Konsumsi daging dalam negeri diketahui meningkat dari 2,3 kg per kapita menjadi 2,5 kg per kapita. Dalam kondisi supply yang berkurang akibat kebijakan Australia dan demand yang meningkat, otomatis akan berpengaruh kepada harga daging sapi.
Selama ini masyarakat Indonesia mengonsumsi daging sapi yang hidup, bukan frozen meat atau daging beku. “Kebutuhan daging sapi segar di Indonesia sekitar 85 persen, sedangkan 15 persen sisanya adalah frozen meat,” ujar Rossanto.
Selain faktor-faktor di atas, Rossanto juga memaparkan penyebab kenaikan harga daging sapi di Indonesia karena rantai pendistribusian daging yang panjang. Sebab, ada tambahan biaya pada penjualan daging sapi.

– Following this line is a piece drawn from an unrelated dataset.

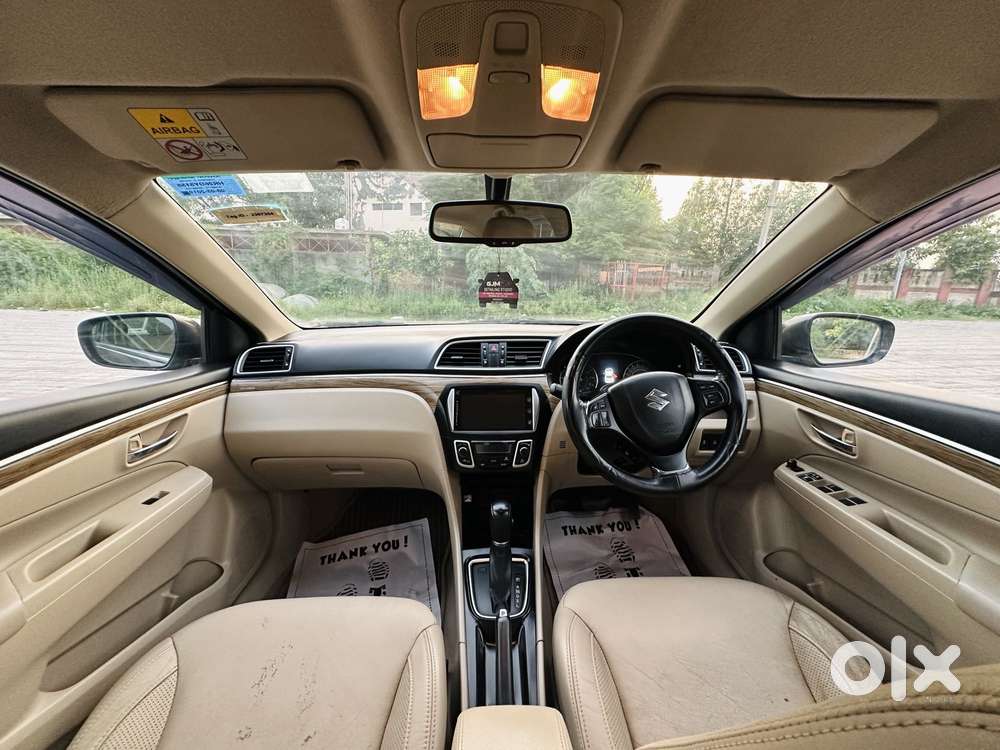 Maruti Suzuki Ciaz Alpha 1.5 At, 2019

“Rantai distribusi daging sapi di Indonesia sangat panjang yang juga membuat harga daging sapi bertambah mahal,” jelasnya.
Rossanto memaparkan distribusi daging sapi di Indonesia sangat panjang, mulai dari peternak hingga berakhir di tangan konsumen. Peternak menjual sapi hidup kepada pedagang grosir berskala besar (pengepul). Kemudian pengepul menyerahkan kepada RPH (rumah potong hewan).
“Setelah proses pemotongan hewan di RPH, daging sapi didistribusikan kepada pedagang grosir berskala kecil lalu ke konsumen,” kata dia.
Rantai distribusi yang panjang juga membuat rantai ekonomi meningkat. Setiap rantai distribusi pastinya akan mengambil keuntungan. Lima rantai distribusi tersebut akan mendorong kenaikan harga daging sapi di Indonesia.